Il DDL è volto a punire e non a prevenire le discriminazioni e noi riteniamo che per combatterle bisogna fare un lavoro culturale, partendo ad esempio dal mondo dell’istruzione con corsi di educazione sessuale e all’affettività o da quello del linguaggio e dell’informazione.Inoltre la violenza subita dalle persone LGBTQIA+ non può essere ridotta semplicemente a quella morale o fisica, ma è anche psicologica, sanitaria, culturale e istituzionale:
Le persone LGBTQIA+ vivono, a differenza delle persone etero-cis, uno stress psicologico maggiore dato dal fatto di subire discriminazioni, le quali insieme alle violenze verbali non vengono minimamente considerate dal DDL Zan, anzi vengono legittimate dal concetto di “pluralismo di idee” espresso nell’articolo 4. Questo comporta che per le persone LGBTQIA+ probabilmente godano di una salute mentale peggiore rispetto a quelle etero-cis, che non trovano lungo la propria vita le stesse difficoltà dovute al contesto esterno.
In ambito sanitario, il personale medico e sanitario spesso discrimina, a causa di una mancanza di formazione, le persone LGBTQIA+ creando un ambiente ostile per quest’ultime e, in assenza di discriminazioni “esplicite”, molto spesso le strutture sanitarie non sono in grado di fornire loro servizi sanitari idonei.

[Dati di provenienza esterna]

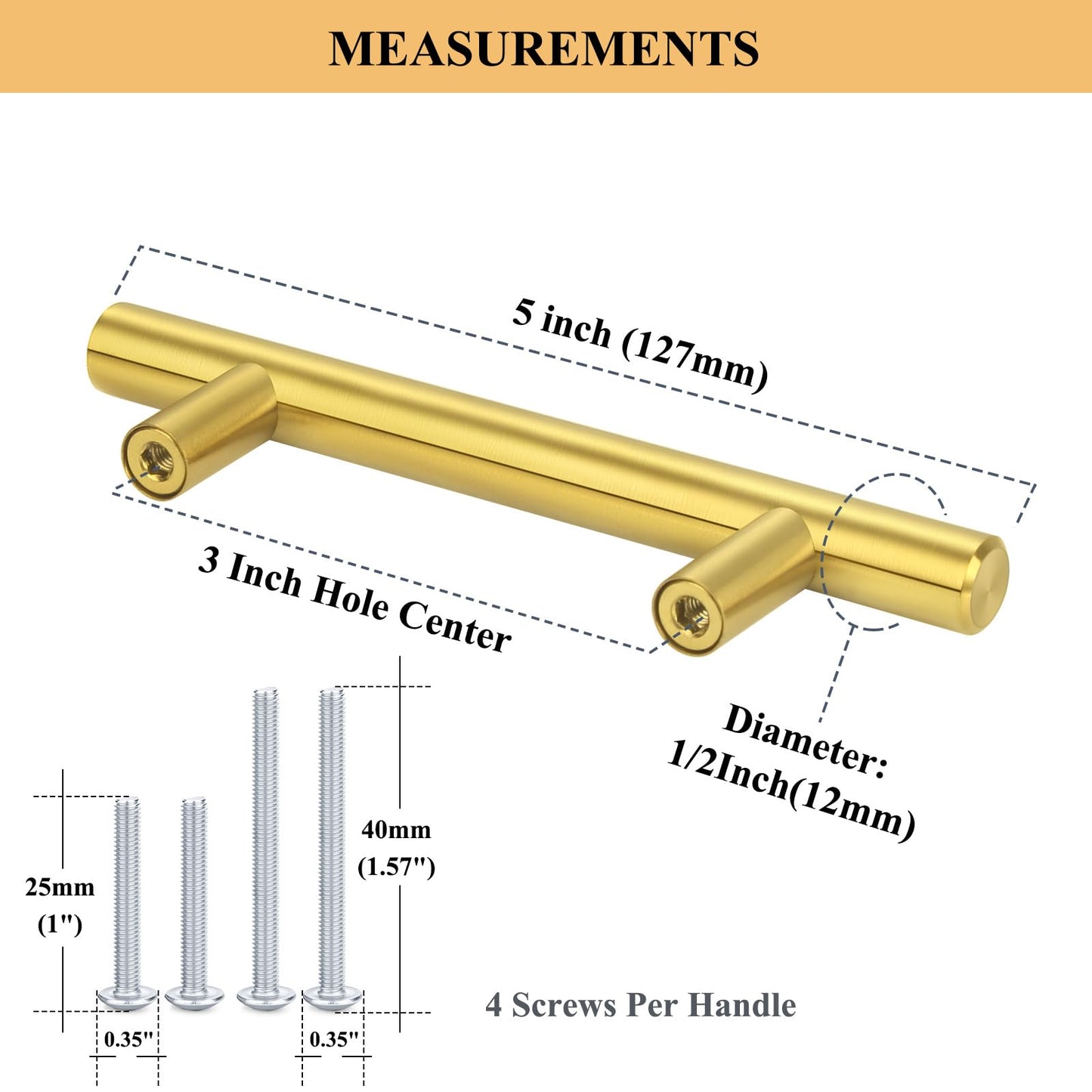 Plustool 30Pack 3''Hole Centers Gold Cabinet Handles-Brushed Brass Cabinet Pulls Gold Dresser Drawer Pulls-Stainless Steel Door Hardware for Kitchen Bathroom Bedroom Furniture-5''Overall Length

Ad esempio, i farmaci che permettono la transizione spesso vengono a mancare, lasciando tantissime persone transgender a rischio e più in generale il diritto alla transizione medica è di per sé negato per molte persone nel momento in cui lo Stato non si dota di medici e strutture capaci di fornire procedure sicure e all’avanguardia (ad esempio, in Calabria non esistono centri medici per avviare la transizione). Più in generale per via di questa mancanza molte persone trans* preferiscono farsi operare all’estero a proprio carico. A ciò aggiungiamo che le persone intersessuali sono ancora vittime di chirurgie violente alla nascita, quindi senza consenso, ma anche successivamente vengono medicalizzante forzatamente e dunque deumanizzate.
Nell’ambiente dell’istruzione vediamo chiare discriminazioni nei confronti delle persone LGBTQIA+, come ad esempio l’impossibilità di attivare la carriera alias in alcune università (compresa l’Università della Calabria) o scuole, ma anche docenti che non rispettano i/le studenti trans* chiamandolə con il loro deadname o facendo misgendering anche nel caso in cui questə abbiano attivato la carriera alias.

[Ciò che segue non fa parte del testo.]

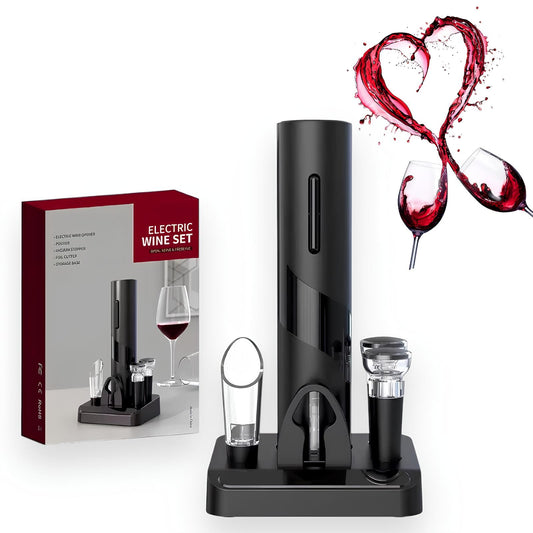 Set di Apribottiglie Elettrico Multifunzione Automatico con Tappo per Vino, Apri Bottiglie, Versatore e Base di Supporto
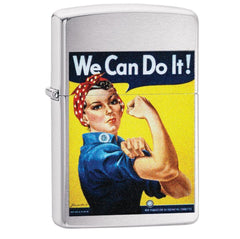 Zippo Brushed Chrome US Army We Can Do It Design Lighter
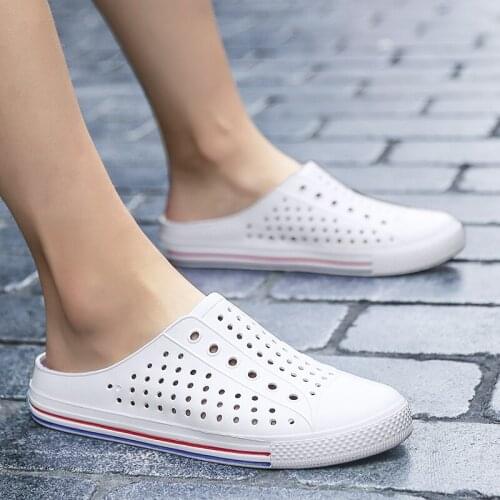 Women Flats Summer Casual Couple Breathable Antiskid Light Slippers Beach Hole slippers summe outdoor #w30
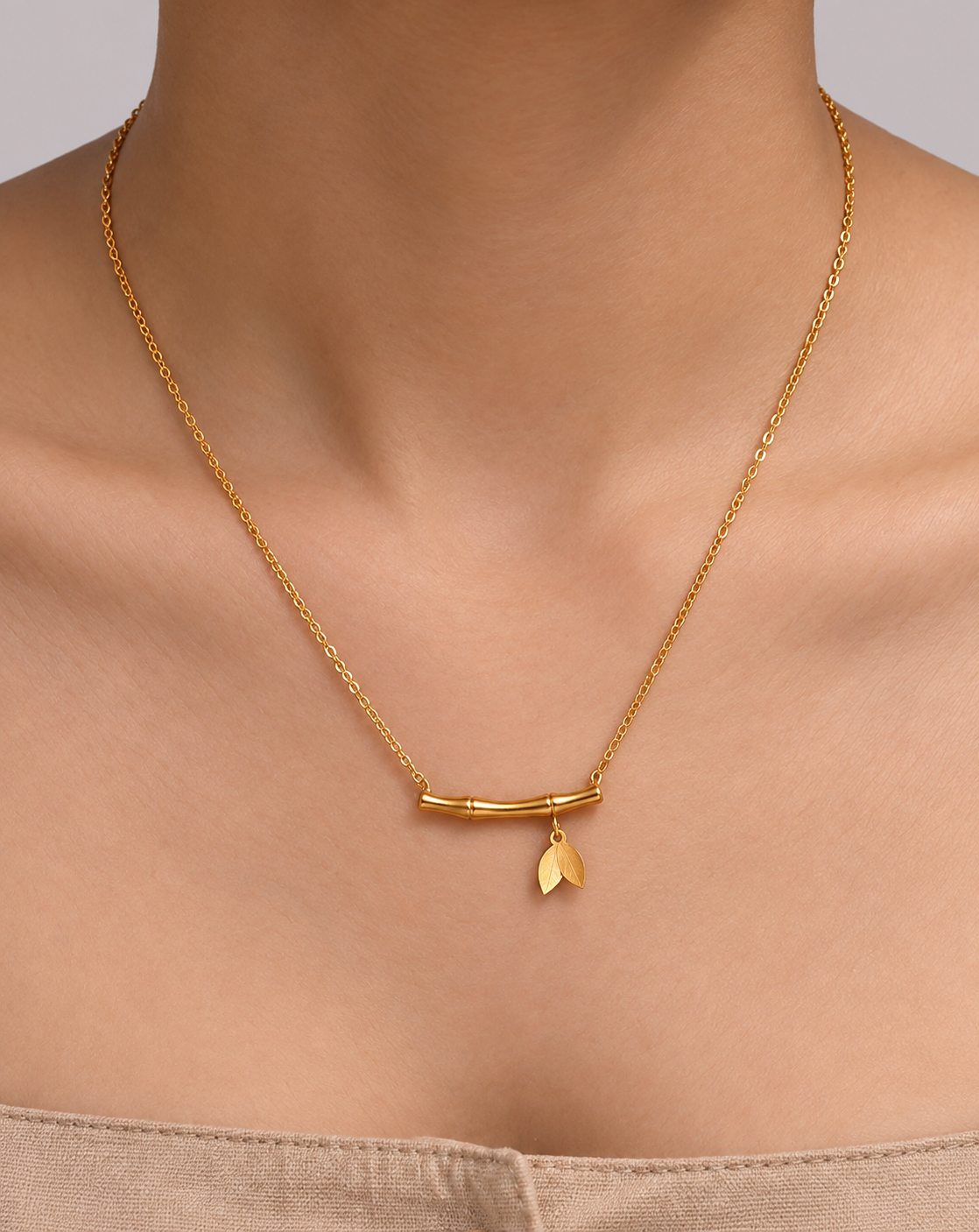 Gold Plated Bamboo Leaf Pendant Necklace for Women - product image 2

In ambito lavorativo le persone LGBTQIA+ subiscono discriminazioni (dal mobbing al rischio di non essere assunte perché tali) e hanno anche maggiori probabilità di essere disoccupate e di vivere in condizioni di povertà rispetto al resto della popolazione generale, molte di loro lavorano ma non hanno accesso a congedi di malattia retribuiti, indennità di disoccupazione se non addirittura ad un banalissimo contratto.
I servizi delle istituzioni sono pressoché assenti o violenti, basti pensare alle procedure anagrafiche per cambiare il nome sui documenti d’identità o alle vessazioni subite nelle questure e caserme.
Siamo ben consce che aumentare le pene per chi discrimina non è sufficiente: avete mai visto uno stupratore porsi dilemmi nello stuprare per paura della galera?
Noi no, ed essendo la radice di tali comportamenti la medesima non immaginiamo neanche, ad esempio, un omofobo che si ferma dallo sputare veleno per tale motivo. Per questo e per mille altre ragioni non ci fermeremo, servono investimenti reali di fondi, energie e strumenti affinché la discriminazione non debba essere punita ma venga sradicata.
VOGLIAMO MOLTO DI PIÙ E LO VOGLIAMO SUBITO!